The Wild Garden 2012 Update - still miffed

I thought I would do an update on my wild garden.  I wrote about it in June 2010 and when I look back at that post it looks a bit more restrained than it does at the moment. 
The Wild Garden is about one quarter of my back garden, it is the top left hand side.  I have a pergola and a line of pleaching hornbeams to delineate it on one side.  The pond forms part of the boundary, sort of, in a way; and the prairie borders are to the right of it.  It has a distinct sense of space about it.
I knew when I first looked at my garden, about five years ago, that this top bit would be the wild area.  It felt like it should be so, I cannot explain it any better than that.  The garden has led me with its design, not the other way around.
In its first Spring I planted quite a lot of native wild flower plugs.  These pretty much did nothing in that first year.  In the second year I was not convinced any had survived really but by the third year suddenly there were flowers and things were starting to happen.
Of course now I cannot remember exactly what I planted and what has just appeared.  Some of the plants clearly were around to being with.
I did plant these blue cranesbills, they are really doing well now.
I also planted these scabious, but they pop up in different places now so I think they are moving around a bit.
I do not think I planted this wild mallow though, it also pops up everywhere and is very pretty.
This appeared this year, no idea what it is, it looks like its a pea relative to me.
Some patches are looking pretty good now.
The grass has done well this year, now its perked up a bit after being so flattened by the constant rain we have had recently.
There are some good seed heads, I have a lot of Queen Anne's Lace in this part of the garden and the seeds are as pretty nearly as the flowers.
I have lots of this....
and this..... (when I refer to things as this, it means I do not know what the name is)
I think this might be ragwort, I have lots of this.
However, ragwort has its benefits, namely the Cinnabar Moth lays its larvae on them, this is a very pretty moth so I am pleased to have it in my garden.
I have a lot of nettles,
some very painful and very tall nettles too.
Around the edges of the garden there are many blackberries and they wander through into the wild garden.  I do try and remove them when they get into the garden itself though, it is a bit like growing razerblades.
I cut paths through the wild area so that I can wander around it and see how the different areas grow.
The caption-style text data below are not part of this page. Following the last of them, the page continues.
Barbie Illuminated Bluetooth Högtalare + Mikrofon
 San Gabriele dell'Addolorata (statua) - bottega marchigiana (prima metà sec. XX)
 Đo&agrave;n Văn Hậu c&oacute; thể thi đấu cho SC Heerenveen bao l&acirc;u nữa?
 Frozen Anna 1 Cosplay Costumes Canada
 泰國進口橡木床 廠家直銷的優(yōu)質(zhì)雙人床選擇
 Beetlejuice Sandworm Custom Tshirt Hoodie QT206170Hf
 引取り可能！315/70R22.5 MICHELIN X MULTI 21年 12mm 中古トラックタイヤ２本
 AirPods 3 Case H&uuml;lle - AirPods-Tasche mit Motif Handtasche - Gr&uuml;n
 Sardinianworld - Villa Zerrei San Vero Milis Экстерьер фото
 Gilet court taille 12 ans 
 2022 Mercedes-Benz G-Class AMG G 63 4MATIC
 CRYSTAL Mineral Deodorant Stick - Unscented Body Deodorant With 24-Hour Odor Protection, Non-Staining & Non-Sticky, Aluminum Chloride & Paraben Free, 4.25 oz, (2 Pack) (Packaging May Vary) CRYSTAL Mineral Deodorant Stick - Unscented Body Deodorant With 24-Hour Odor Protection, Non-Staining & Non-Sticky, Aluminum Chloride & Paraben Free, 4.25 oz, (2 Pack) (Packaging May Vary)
Of course one challenge with the wild garden is that in a garden where self-seeding is encouraged, some of these plants do take that as a very open invitation and I struggle to control some of it.  I admit I do spot weedkill the some of the ragwort and some of the nettles too to try and keep them in this area only.  I also need to control them or they will swamp out some of the other plants.

So there it is, the Wild Garden, still a bit miffed if truth be told.


  1. How very wise to have created a wild and natural garden. It really does add so much interest and also looks good for yourself and the environment.

  2. Thanks, it is a really important part of the garden for me, it really does buzz and flutter with life and I am constantly surprised and happy about what pops up in it.